Kevin Warsh Delivers Hawkish Surprises And Sweeping Reforms At First Fed Meeting As Chairman

At his first Federal Open Market Committee meeting as chairman, Kevin Warsh kept interest rates steady while sending markets into a tailspin with several unexpected moves.

The Fed voted to hold the benchmark federal funds rate in a target range of 3.5% to 3.75%, with no apparent dissents from committee members on the decision.

Despite the hold, the committee’s “dot plot” of future rate expectations pointed toward a hike later this year, rattling investors who had anticipated a more neutral outlook.

The FOMC split 9-9 between members expecting steady rates or one cut and those forecasting at least one hike, with the median projection pointing to a quarter percentage point increase.

One of the most anticipated questions heading into the meeting was whether Warsh would submit his own rate projection, and he confirmed he did not participate in the dot plot.

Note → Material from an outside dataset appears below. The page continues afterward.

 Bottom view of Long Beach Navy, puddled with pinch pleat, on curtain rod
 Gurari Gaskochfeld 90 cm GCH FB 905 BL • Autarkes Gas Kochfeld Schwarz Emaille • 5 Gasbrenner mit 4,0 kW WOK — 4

“I, however, have refrained from offering any projections of my own consistent with my long-held views on the SEP, at least as currently structured,” Warsh said at his post-meeting press conference.

Warsh announced the formation of five task forces charged with studying Fed communications, its balance sheet, data sources, productivity and jobs, the impact of artificial intelligence, and the central bank’s inflation approach.

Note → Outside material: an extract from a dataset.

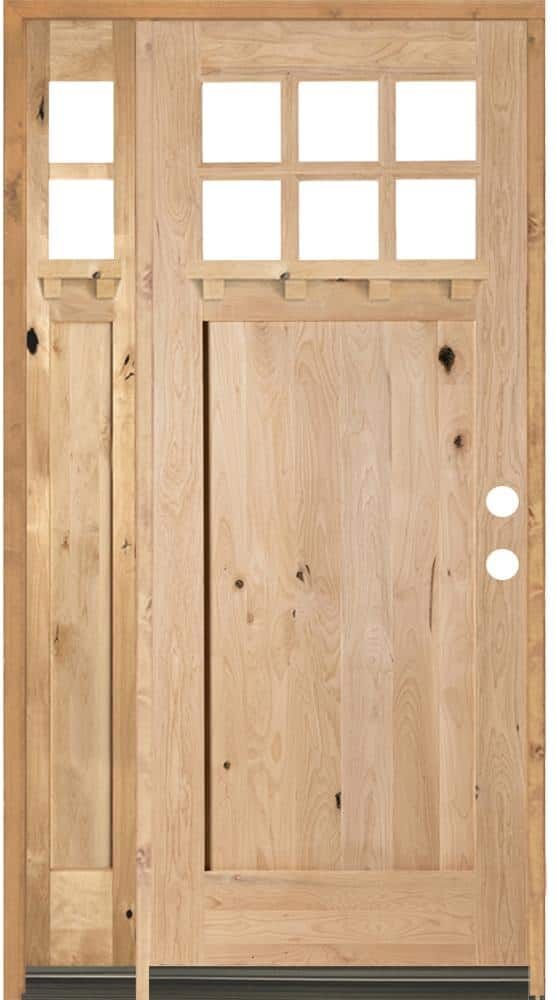 Krosswood Doors 50 in. x 96 in. Craftsman Knotty Alder 6-Lite with DS Unfinished Left-Hand Inswing Prehung Front Door with Left Sidelite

On roughly a dozen occasions during the press conference, Warsh used the phrase “price stability,” striking a tone that analysts described as surprisingly hawkish given his prior comments on rate cuts.

Markets responded sharply to the inflation rhetoric, with the policy-sensitive 2-year Treasury yield jumping by 14.4 basis points as Warsh spoke.

The post-meeting statement itself was dramatically shorter than usual, running just 130 words compared to the more than 300 words that prior statements typically contained under previous Fed leadership.

Rick Rieder, head of fixed income at BlackRock, said “today we believe that the Federal Reserve’s FOMC ushered in a new era of monetary policy in the United States.”

Krishna Guha, head of central bank strategy and economics at Evercore ISI, observed that “new Fed Chair Warsh sounded a bit like old hawkish Fed governor Warsh at his press conference today repeating multiple times the need for the Fed to deliver on its mandate for price stability.”

Jason Pride, chief of investment strategy at Glenmede, noted that the task force announcements “signal an institution in active review rather than steady state, and investors should expect the operating framework of the Fed to look meaningfully different over Warsh’s tenure than it did under his predecessor.”

Dario Perkins, managing director of global macro at TS Lombard, offered a pointed summary of the session, saying “Warsh wants his first impression to be as ‘the reformer.’ We’ll see what that means later this year. In terms of the policy outlook, Fed watching just got harder.”